Although one can say accurately that bubblegum never really went away, its golden era had clearly passed by the early '70s.

"I think bubblegum had no place to go around '72, "Pitzonka says. "I mean, you could only work so much mileage out of a band that didn't exist. Unless you're like The Alan Parsons Project, which is a completely different animal. You can't make a career out of singles; hard as you try, you just can't. Even back then, you could have ten hit singles, but then it just dries up—there's nowhere to go.

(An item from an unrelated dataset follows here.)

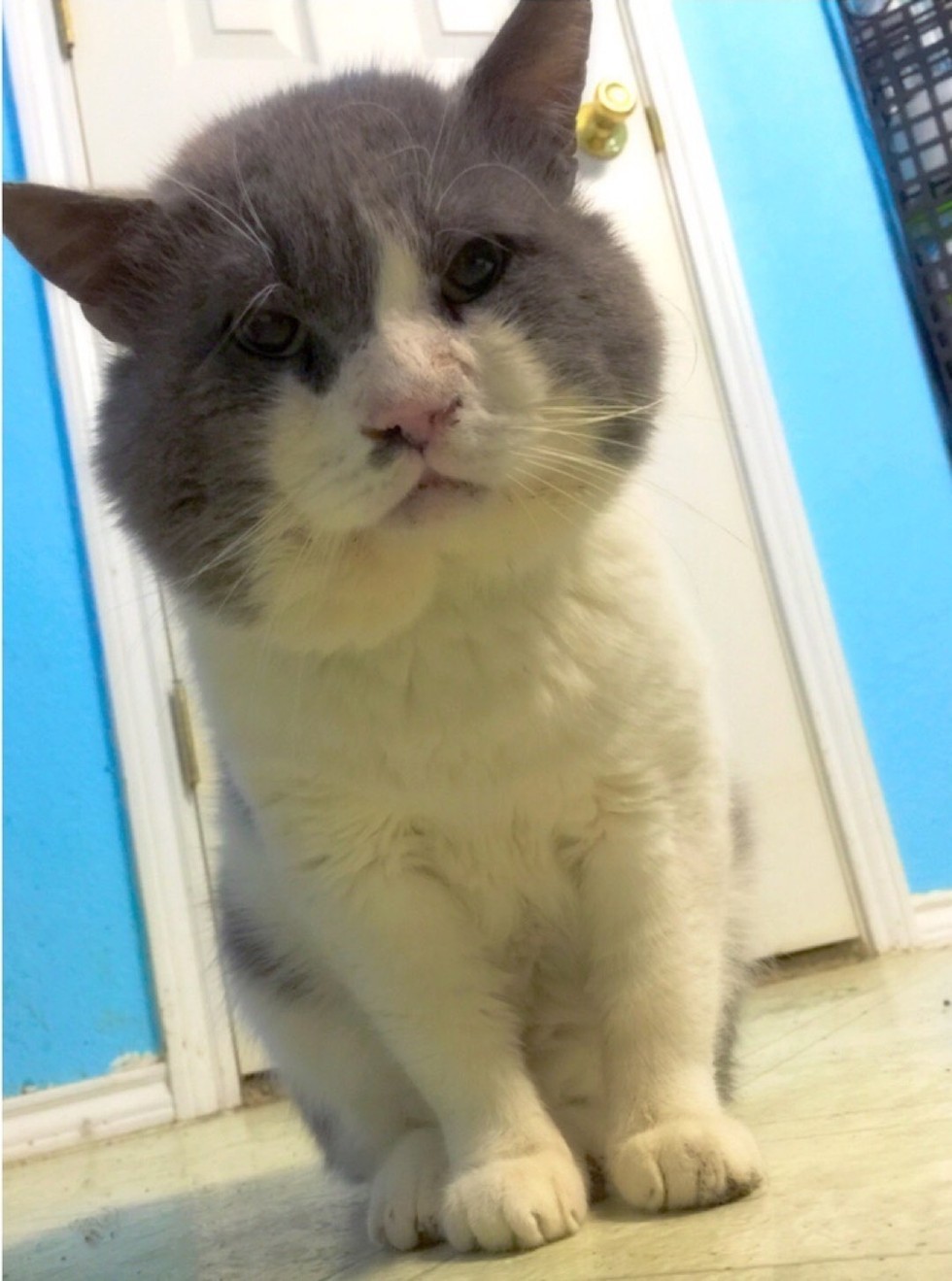 13-year-old Cat with Chubby Cheeks Survived Life on the Streets ...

"I think the genre pretty much dictated its own course. Kasenetz and Katz stopped hitting the charts as of the '70s. Then Bell (the label that inherited The Monkees' label, Colgems) took over—Bell was big. And that was the stuff like Tony Macauley, who also did “Love Grows (Where My Rosemary Goes).” That's when you also had Dawn and you had The Partridge Family. Davy Jones recorded for Bell.

"I've got the Bell singles listing. And it's funny, because until The Partridge Family, Bell had never had a gold album. All of a sudden, once they had a gold album, they had money. And you notice their singles release schedule goes from 20 singles a year to 40 singles a year to 70 singles a year to 90 singles a year to then, their last year of operation they had something like 125 singles. Now, in the process of doing 125 singles, and a lot of these were studio things--they'd hire producers to concoct bands for them. They didn't have any albums. They put out ten albums a year to 100 singles. That's kind of an example of how bubblegum was progressing and couldn't really pay for itself."

Kasenetz and Katz, for their part, attempted to move on past bubblegum.

"You know," they say, "a lot of people don't even know that we were involved with a lot of other artists and things; like 10cc, before they were 10cc, were doing a lot of things for us also [specifically, as a post-"Gimme Gimme Good Lovin'" incarnation of Crazy Elephant].  That was Graham Gouldman, [Kevin] Godley, [Lol] Creme, [Eric] Stewart.  We were involved with Bobby Bloom, who had the 'Montego Bay.'  We did Bo Diddley, not that it was successful, but we recorded a lot of other people.  You know, there's a whole lot of things that a lot of people don't remember.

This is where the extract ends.